(What to do):
Set down exactly the lines that run from the one containing "Electronic module BMW" to the end of the material below, both included, without pictures.
· · ·
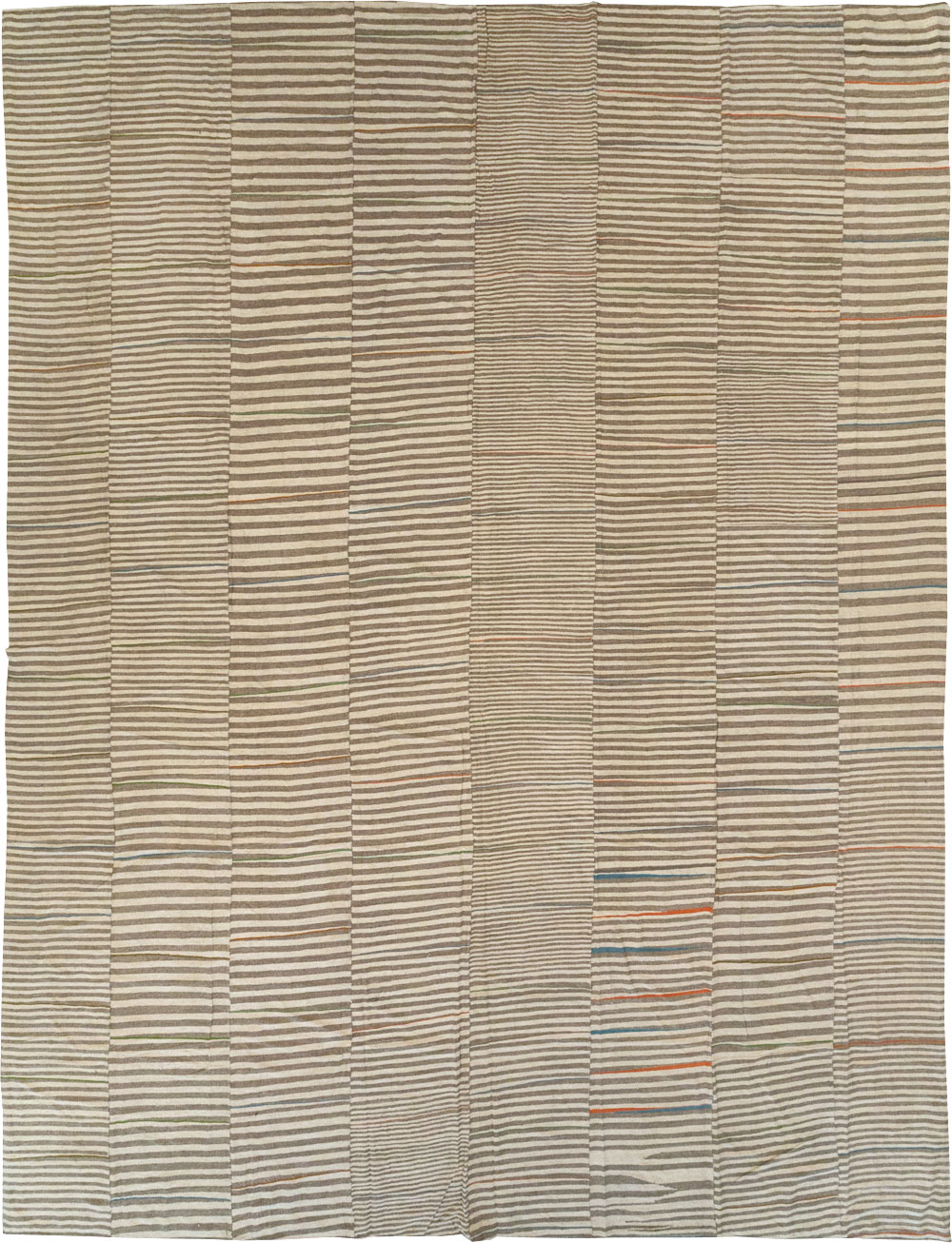 kilim Carpet - # 108337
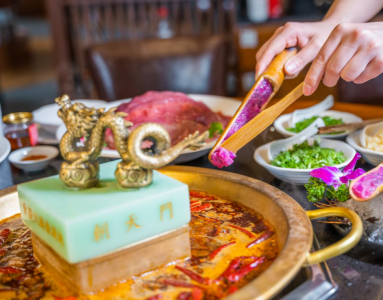 加盟什么火鍋掙錢？關(guān)鍵是看這三點(diǎn)！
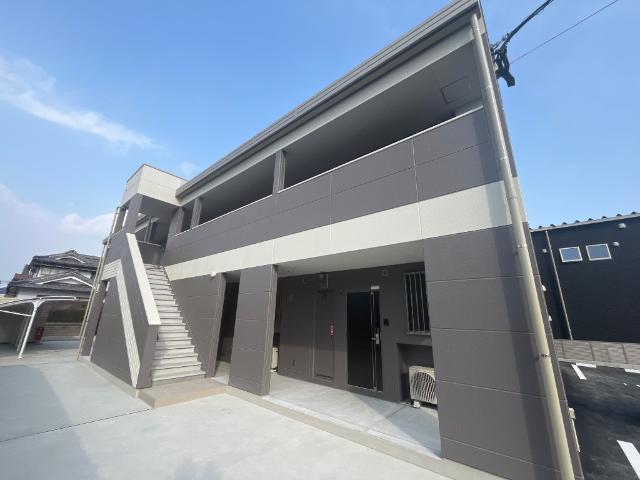 ビリーブハナゾノ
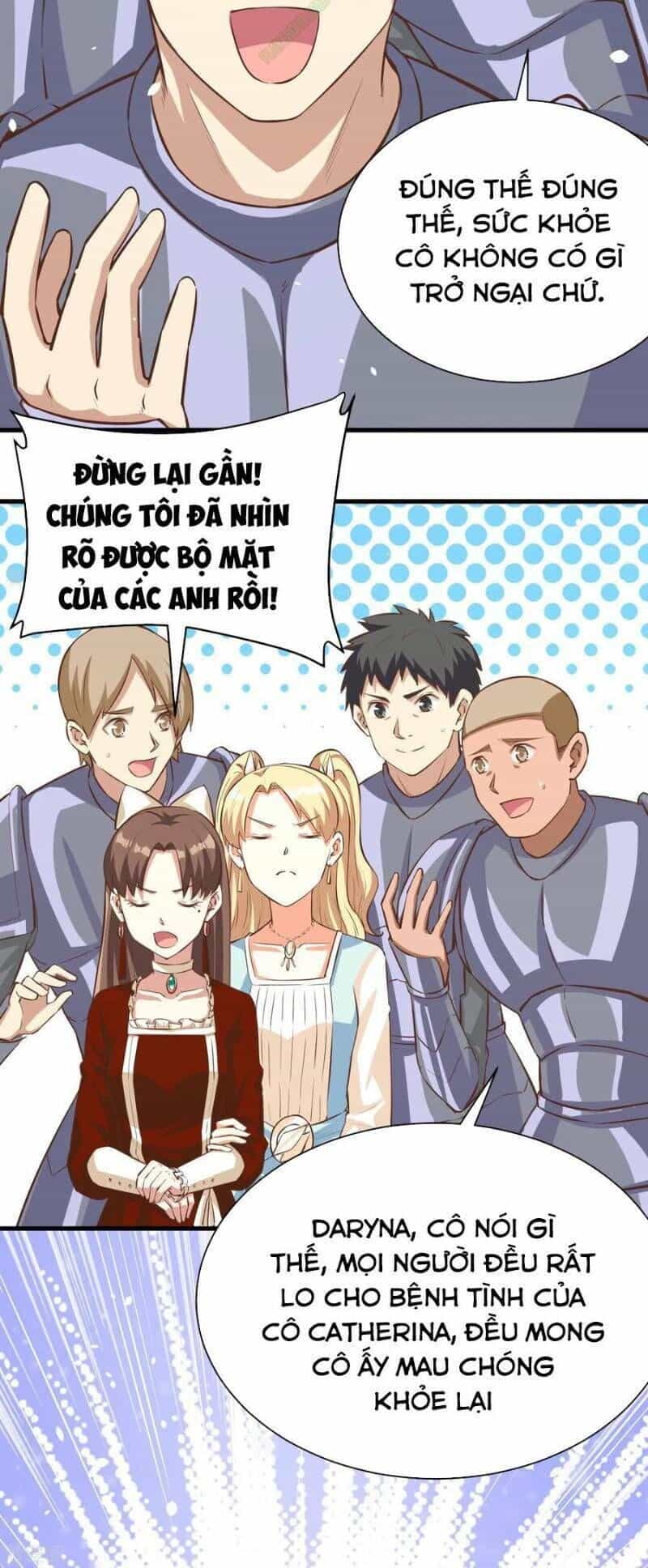 Từ Hôm Nay Bắt Đầu Làm Thành Chủ - Chương 124 - ảnh 20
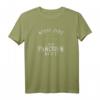 Bogenschießen T-Shirt für Bogenschützen & Bogenjagd - Witziges Geschenk für Hobby-Bogenschützen & Parcours im Wald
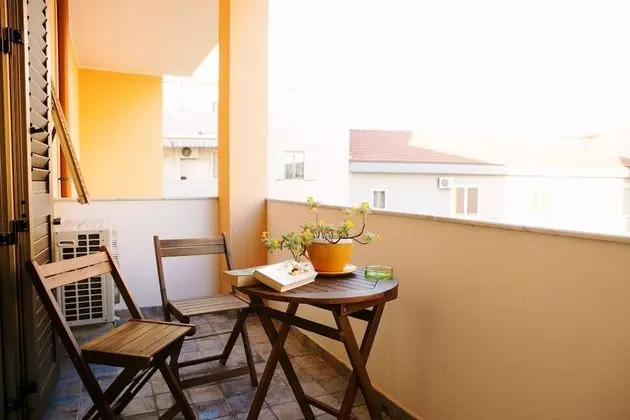 Comfort Tek Büyük Yataklı Oda, Balkon
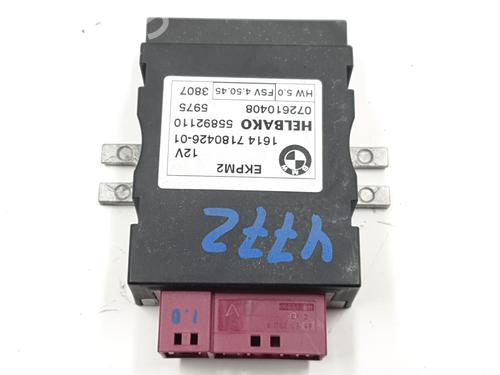 Electronic module BMW 3 (E90) 320 d | BP35954039M83 - Image 2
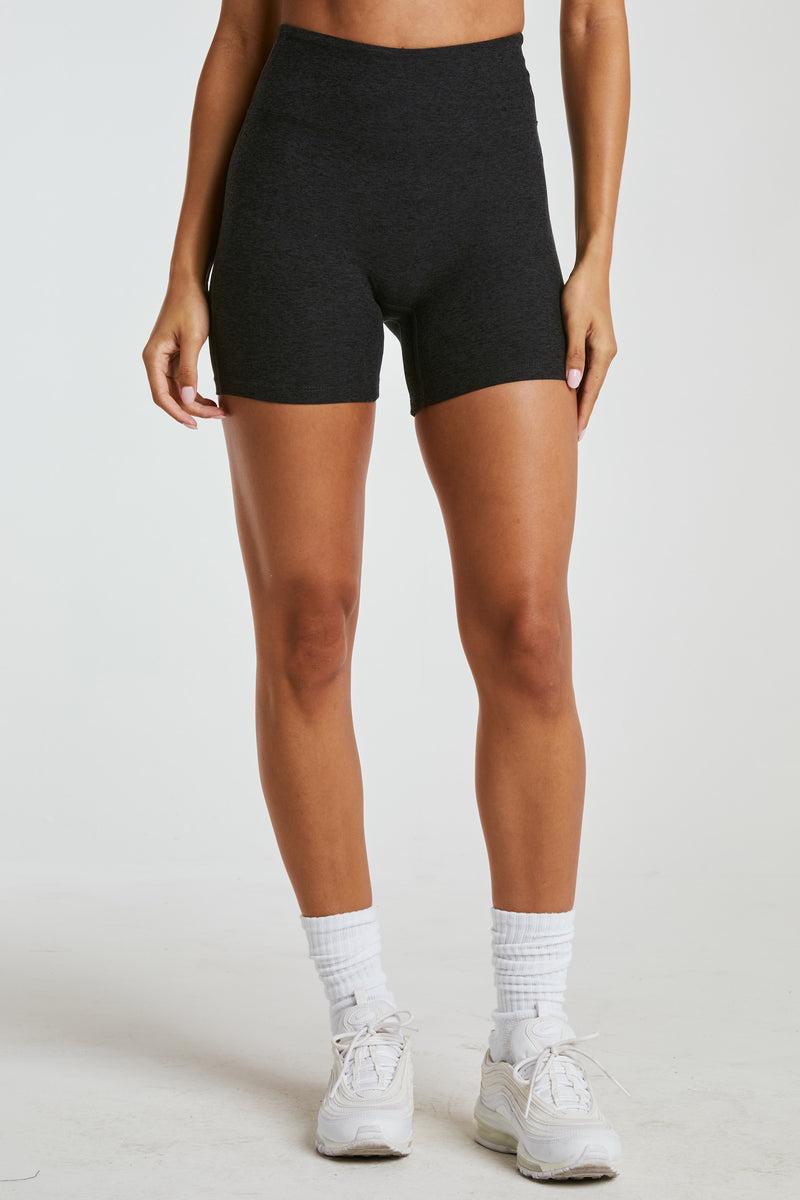 Stretch Sculpt Short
· · ·
(Result of this exercise):
 Electronic module BMW 3 (E90) 320 d | BP35954039M83 - Image 2
 Stretch Sculpt Short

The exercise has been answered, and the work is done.